YOUR ASSIGNMENT: All pictures must be left out as you transcribe the lines from the first line of the data to the line containing "Consider this example: [1, 2, 3, 4, 5, 6]", both included.

GIVEN RECORDS:
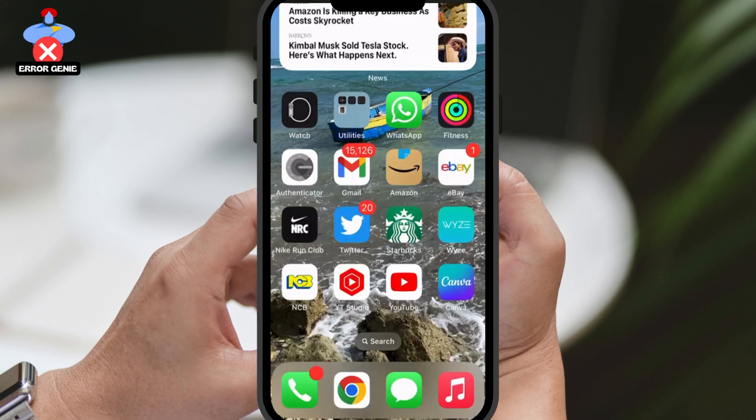Greetings everyone! Today, I'm excited to show you how to remove your WhatsApp account from other devices on an iPhone. It's a quick and simple process, so let's get started.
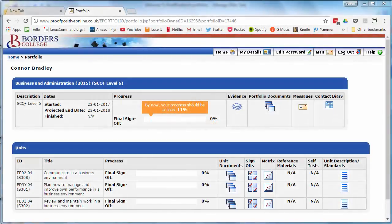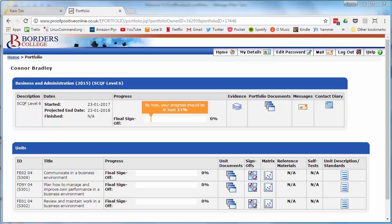This video will show you how to access your assessment plans. We're starting at the portfolio page again.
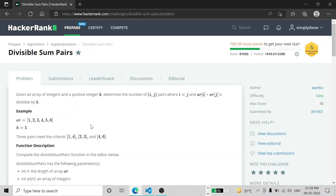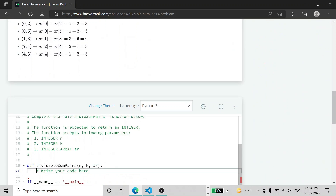Consider this example: [1, 2, 3, 4, 5, 6] — six elements in our array. There are three pairs satisfying the criteria. First, 1 and 4 have an addition of 5, divisible by 5. Second, 2 and 3 also satisfy the condition where i is less than j and the sum is divisible by 5. Third, 4 plus 6 equals 10, the index condition holds, and it is divisible by 5.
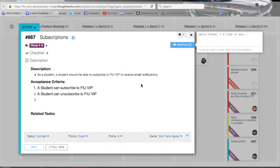Hello, my name is Eric Aguirre and this is my reference video for the subscription function I made for the FIU VIP website. My user story is card number 667 and card name subscriptions on Mingle.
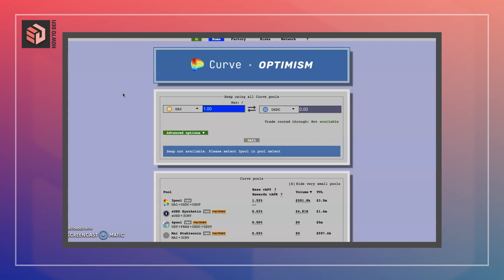It also makes sense for arbitragers to use Curve to quickly swap between stable coins and then interact with other decentralized exchanges or centralized exchanges.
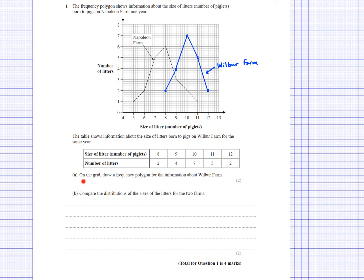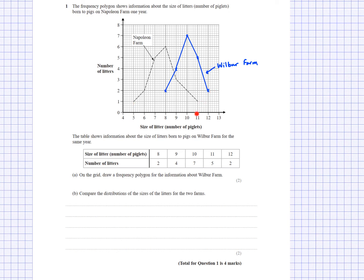Here's an exam question. I've done part A, which is to draw the frequency polygon from a table. Notice this is discrete data — the size of litter can be 8 piglets or 9 piglets, we can't have 8.5 — but we plot it on a continuous scale. I've labelled it Wilbur Farm, and this other one is drawn for Napoleon Farm. I can clearly see that Wilbur Farm has a higher average because its highest point is at 10, versus 8 for Napoleon Farm. Napoleon Farm also has a larger range: it goes from 5 to 11, which is 6, compared to 8 to 12, which is 4 for Wilbur Farm.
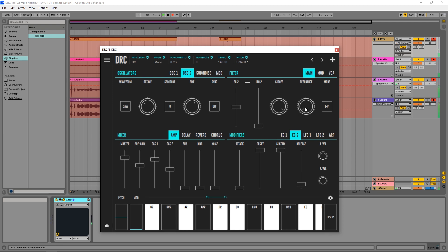And now I'm gonna raise the RESONANCE a little bit so we have more high frequencies, like this.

SOLUTION FOR THIS PROBLEM:
Greetings everyone! Today, I'm excited to show you how to remove your WhatsApp account from other devices on an iPhone. It's a quick and simple process, so let's get started.
This video will show you how to access your assessment plans. We're starting at the portfolio page again.
Consider this example: [1, 2, 3, 4, 5, 6] — six elements in our array. There are three pairs satisfying the criteria. First, 1 and 4 have an addition of 5, divisible by 5. Second, 2 and 3 also satisfy the condition where i is less than j and the sum is divisible by 5. Third, 4 plus 6 equals 10, the index condition holds, and it is divisible by 5.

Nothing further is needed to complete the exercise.